Task description:
Repeat the full listing below verbatim and keep the images out.

Information supplied:
━━━━━━━━
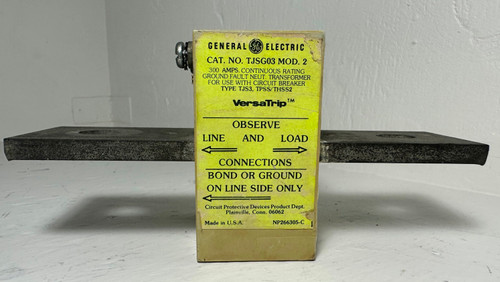 GE TJSG03 300A Ground Fault Neutral Transformer Versatrip Mod 2 General Electric (EM4757-2) GE TJSG03 300A Ground Fault Neutral Transformer Versatrip Mod 2 General Electric (EM4757-2)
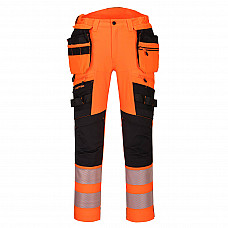 DX442 Orange/Black DX4 Hi-Vis Detachable Holster Pocket Trousers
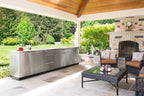 Outdoor Kitchen 4 Piece Cabinet Set in Stainless Steel with Countertop and Covers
━━━━━━━━
The completed task:
 GE TJSG03 300A Ground Fault Neutral Transformer Versatrip Mod 2 General Electric (EM4757-2) GE TJSG03 300A Ground Fault Neutral Transformer Versatrip Mod 2 General Electric (EM4757-2)
 DX442 Orange/Black DX4 Hi-Vis Detachable Holster Pocket Trousers
 Outdoor Kitchen 4 Piece Cabinet Set in Stainless Steel with Countertop and Covers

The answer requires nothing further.